Le sinergie operative hanno consentito al Nucleo di polizia economico-finanziaria Torino e alla Compagnia Carabinieri di Venaria Reale di individuare sul territorio della città di Torino ed hinterland 5 opifici nascosti, dediti alla produzione illegale di sigarette, e 2 depositi per lo stoccaggio del materiale illecito.
La grande capacità produttiva degli stabilimenti clandestini è dimostrata dai quantitativi di materiali di contrabbando rinvenuti e sottoposti a sequestro: nel complesso più di 230 tonnellate di tabacco lavorato di provenienza extra Ue e circa 22 tonnellate di sigarette, in gran parte già confezionate in pacchetti con i marchi contraffatti di noti brand del settore.
In particolare, i siti produttivi (completi di linee con costosi macchinari, apparati e strumenti tecnologici) e i depositi sequestrati sono stati localizzati nell’area settentrionale del territorio del capoluogo piemontese, nei quartieri di Madonna di Campagna, Barca e Rebaudengo, olre che nei comuni di Caselle Torinese e Venaria Reale.
I siti erano mimetizzati in aree industriali per dissimulare una normale attività d’impresa, ma con l’adozione di molti accorgimenti per svolgere nel massimo riserbo l’illecita produzione di sigarette che avveniva al loro interno.
I militari hanno rilevato la presenza di sofisticate linee produttive, perfettamente funzionanti, con processi automatizzati ad alta velocità per l’assemblaggio delle sigarette e il confezionamento finale dei pacchetti, partendo dal tabacco trinciato e dal materiale accessorio necessario (filtri, cartine, cartoncini per il packaging, ecc.), anch’esso riportante il marchio contraffatto di noti produttori internazionali autorizzati e presente in grandissime quantità presso i siti (sono stati infatti rinvenuti circa 538 milioni di componenti per la realizzazione e il confezionamento delle sigarette recanti marchi contraffatti).
Gli impianti venivano alimentati con gruppi elettrogeni, allo scopo di non rendere rilevabile, dai picchi di consumo dell’energia elettrica, la presenza di macchinari funzionanti a pieno ritmo.
Le finestre che davano verso l’esterno erano state oscurate mentre negli ambienti più interni, illuminati solo artificialmente, erano stati allestiti alloggiamenti per il personale addetto, proveniente da Paesi dell’Est europeo e impiegato in condizioni di sfruttamento e in spregio alle norme di sicurezza.

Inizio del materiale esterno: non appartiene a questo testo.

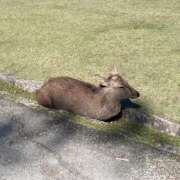 ヒメ日記 2025/11/15 21:01 投稿 あまね ロリ性感と痴女教師 池袋ちんぐり学園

Si trattava, in tutta evidenza, di un ambiente lavorativo degradante e vessatorio: i lavoratori venivano di fatto rinchiusi nelle fabbriche senza poter avere alcun contatto con l’esterno e costretti a turni massacranti, senza possibilità di riposo e deprivati di ogni forma di tutela.
Dalle perizie disposte su alcune delle linee di assemblaggio e confezionamento dei pacchetti di sigarette è emersa l’intensa attività produttiva realizzata durante il periodo di operatività clandestina. È stato stimato, infatti, che ognuna di esse abbia potuto agevolmente produrre 48 mila pacchetti di sigarette al giorno, da cui un volume immesso sul mercato illegale valutabile (in via del tutto prudenziale) in almeno 35 milioni di pacchetti (corrispondenti a 700 tonnellate di prodotto). Un quantitativo, questo, che può aver fruttato agli organizzatori dell’illecito traffico guadagni stimati in non meno di € 175 milioni. Ciò con una correlativa evasione di accisa sui tabacchi quantificabile in € 112 milioni circa, oltre a IVA per € 28 milioni.
Va inoltre sottolineato come la sinergia istituzionale, dopo l’effettuazione dei sequestri, si sia estesa all’Agenzia delle dogane e dei monopoli (Ufficio dei Monopoli di Torino) nonché al Comando Provinciale del Corpo nazionale dei Vigili del fuoco di Torino nella fase della gestione del materiale cautelato che, anche grazie alla collaborazione della Città Metropolitana di Torino, è stato già avviato a completa distruzione.